## What the task asks
What you return must be the full data, repeated verbatim, with no pictures in it.
(Data)
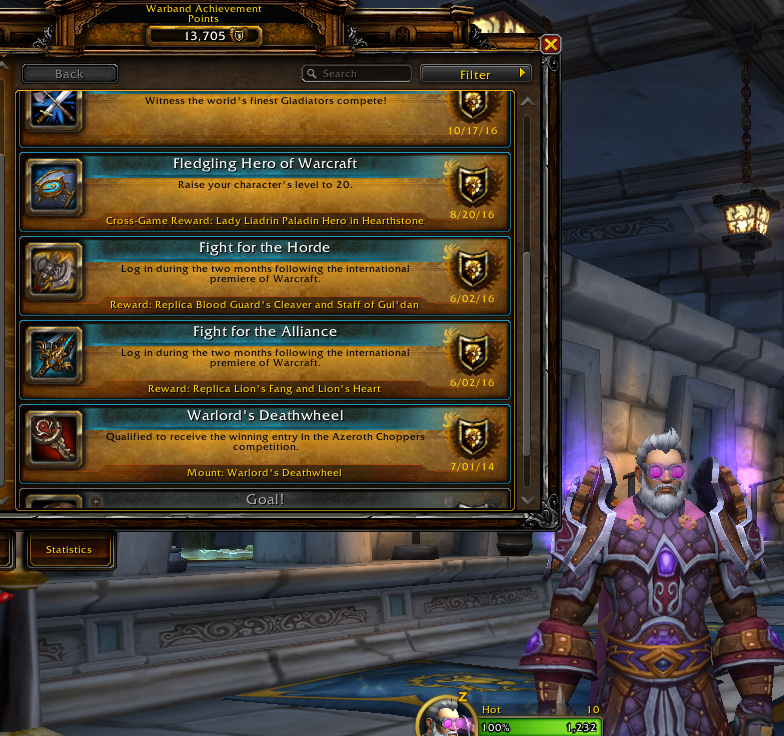 Loaded Classic & Retail Account | Rhok'delar, Blessed Undead Slaying | Tons of Characters | Rare Mount Collection - Image 7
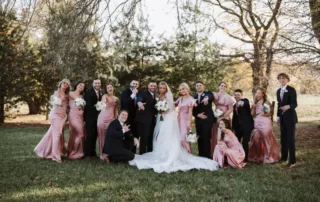 BS wedding party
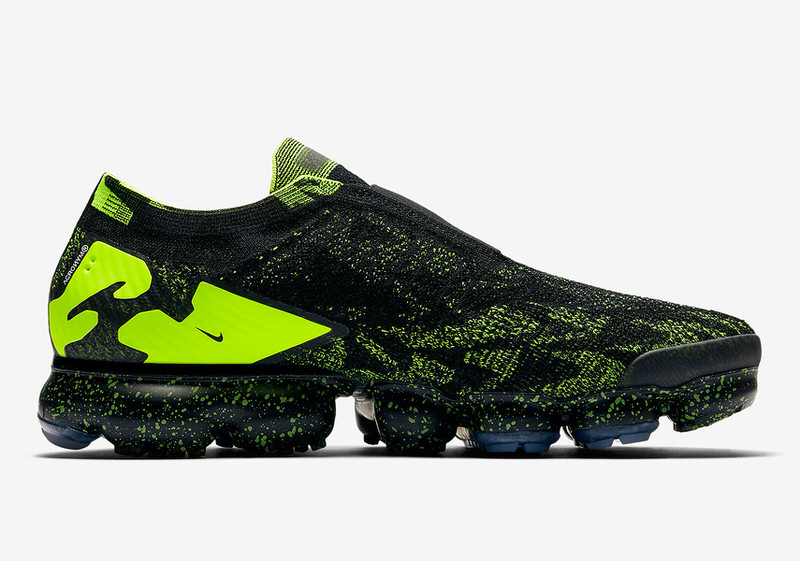 ACRONYM x Nike Air VaporMax Moc 2 Black/Volt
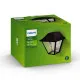 Philips Alpenglow fekete kültéri falikar (PHI-8718696158142) E27 1 izzós IP44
(End Data)
## Solution to this exercise
 Loaded Classic & Retail Account | Rhok'delar, Blessed Undead Slaying | Tons of Characters | Rare Mount Collection - Image 7
 BS wedding party
 ACRONYM x Nike Air VaporMax Moc 2 Black/Volt
 Philips Alpenglow fekete kültéri falikar (PHI-8718696158142) E27 1 izzós IP44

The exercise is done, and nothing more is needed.